Gasterntal - Lötschenpass - Hockenhorn 3'293m.ü.M.

04.08.2019
Wenn du denkst, es geht nicht mehr, kommt von irgendwo das Gasterntal daher. Nach dem gestrigen Run aufs Barrhorn 3'610m.ü.M. machte ich mich zögerlich auf den Weg nach Hause. Ich bemühte mich noch vergeblich um eine preiswerte Unterkunft im Wallis. Ein weiterer Prachtstag wie heute lasse ich mir dennoch nicht entgehen und so mache ich mich heute wieder auf in Richtung Wallis. Zumindest zur Kantonsgrenze. Ich bin wahrlich einer von Vielen, die heute nach Kandersteg wollen. Blausee und Oeschinensee werden hier von etlichen Mietwagen mit AI-Kennzeichen angefahren, ich nerve mich über die (zu) langsamen Autofahrer. Wir können natürlich alle statt 50 nur 30 fahren, ist gut für die Umwelt. Jedenfalls ist der halbe Tag bereits passé, da mache ich über die abenteuerliche Strasse von Kandersteg ins Gasterntal. Für den Strassenunterhalt wird eine Gebühr verlangt. Da das Kreuzen auf der schmalen Bergstrasse unmöglich ist, kann jeweils nur während 20min in die eine Richtung gefahren werden. Die in den Fels gehauene Strasse ist tatsächlich eindrücklich. Am Talende nach Selden parkiere ich meinen Schlitten auf etwas über 1'500m.ü.M.
König der Alpen
Mein Ziel ist der Lötschenpass. Mein üppig gefüllter Wasserbeutel muss noch etwas Gewicht verlieren, so weit soll es ja heute nicht gehen und oben ist schliesslich Nachfüllen in der Hütte möglich. Ich starte, ein paar lockere Meter flach, passiere die Brücke über die Kander und erreiche den Wanderweg. Steil und schier endlos sei er gemäss Berichten im sogenannten Internet. Bisher geht es also noch gut mit der Steilheit. Das Weglein ist gut unterhalten, immer schön im Zickzack hinauf bin ich froh um die Schicht Sonnencreme im Nacken. Trotz müder Beine könnte ich schneller, habe aber keine Ahnung wie der Weg bis nach oben verläuft. Gelegentlich überhole ich Wanderer, die gemäss Internetberichten um diese Jahreszeit scharenweise den Lötschenpass beschreiten. Davon merke ich wenig. Nach kurzer Zeit bin ich bereits vorbei an der Gfelalp 1'847m.ü.M., ab hier wird der Weg etwas steiniger. Der Blick zum Kanderfirn, die andere Talseite, gefällt mit gut. Der Wanderweg zum Gletscher bestens erkennbar.
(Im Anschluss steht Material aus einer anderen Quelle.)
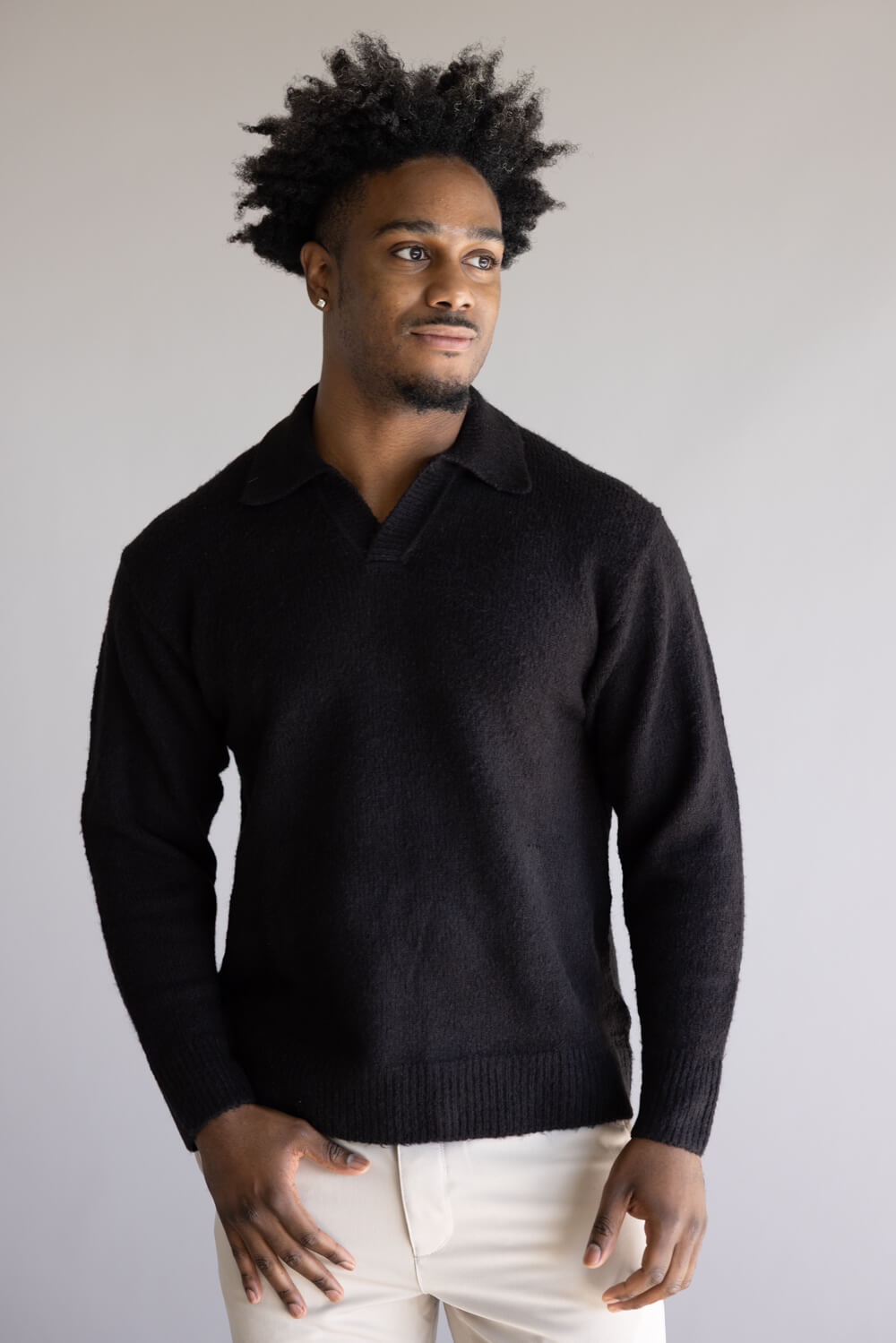 Denim & Flower Johnny Collar Sweater for Men in Black 
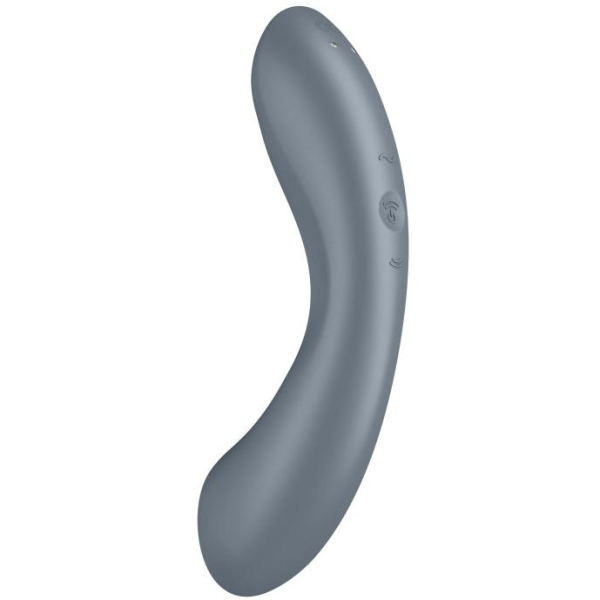 Вакуумный вибростимулятор для клитора и точки G серый Curvy Trinity 1 Satisfyer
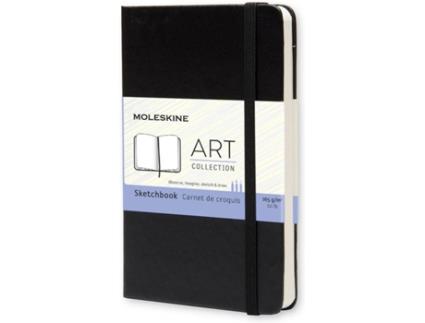 Bloco de Desenho Classic Hard Cover Art Collection, 14 x 9 cm, 40 Folhas, Liso, Capa Dura, Preto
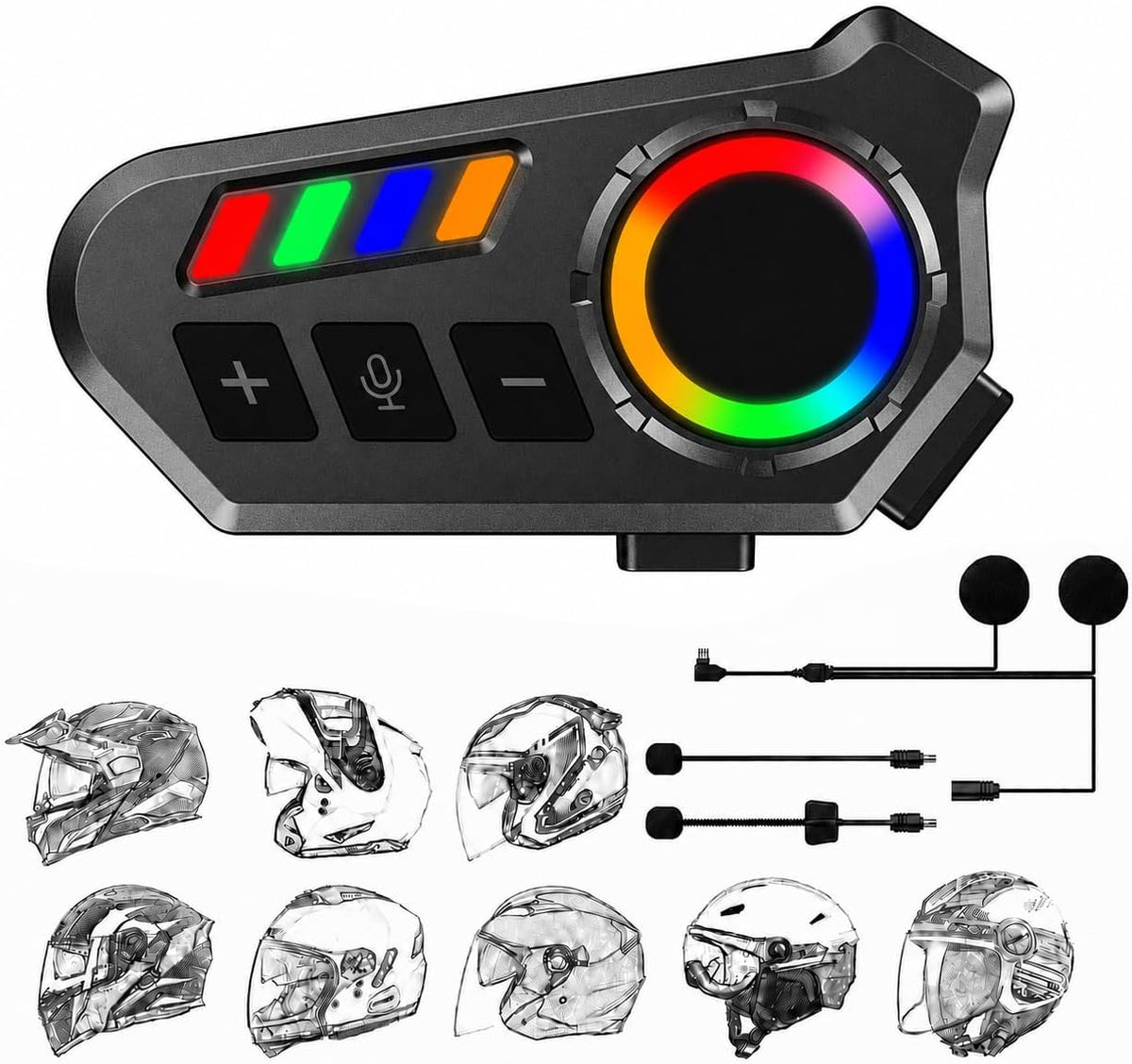 DVKIX Auriculares Bluetooth para casco de motocicleta, batería 40H,...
eindrückliche Bergstrasse im Fels

Kandefirn
Gletscherwasser
Bald erreiche ich einen flachen Abschnitt, sozusagen ein Talboden, wo an dessen Ende das Gletscherwasser runterdonnert. Oder plätschert? Mir kommt kein geeignetes Wort dazwischen in den Sinn. Jedenfalls weiche ich kurz darauf vom Wanderweg ab, etliche Kühe blockieren ihn und machen es sich hier gemütlich. Ich spüre selbstverständlich die Müdigkeit in meinen Beinen, wer schnell wandert wäre jedenfalls gleich schnell als ich, vermutlich sogar schneller. Über etwas Geröll und zwei Rinnen ist bald die Höhe der Gletscherzunge erreicht. Hier verschaffe ich mir kurz ein Bild über den weiteren Wegverlauf. Vor mir sind ein paar Wanderer zu sehen, aber das interessiert mich wenig, denn es geht nun über den Gletscher. Oder über das, was vom Gletscher übrige geblieben ist. Stangen markieren den Weg bestens, eigentlich läuft man hier hauptsächlich über Geröll, gelegentlich lugt ein bisschen Eis hervor. Bäche bilden schöne Formen ins Eis. Bald erreiche ich die andere Seite der Moräne, werfe einen Blick zurück und erkenne die Spalten weiter oben. Hier pausiere ich kurz. Die fast senkrechte Wand des Balmhorns wirkt gewaltig, beeindruckend. Mit hohem Puls nehme ich die nächsten Meter über Felsplatten. Die folgenden Passagen sind mit Seilen gesichert, sind aber kein Problem. Zwei ausländische Wanderer zeigen mir aus weiter Ferne die beiden Steinböcke, aber ich hatte sie schon selbst gesehen. Die letzten Meter zur Lötschenpasshütte verlaufen flach, da mögen meine Beine noch besser. Nach 1h21 erreiche ich also den Lötschenpass auf 2'690m.ü.M. Einige Bergfreunde verweilen oben, weniger als erwartet. Hier liegt sogar noch etwas Altschnee. Ein Stück Kuchen, ein Wasser und ein Gespräch mit einer sympathischen Familie später überlege ich mir, was ich mit dem angebrochenen Nachmittag noch anfange. Es ist mir eigentlich zu früh, um umzukehren. Das Hockenhorn ist mit 2h Wanderzeit angegeben. Chum mir mache das ono.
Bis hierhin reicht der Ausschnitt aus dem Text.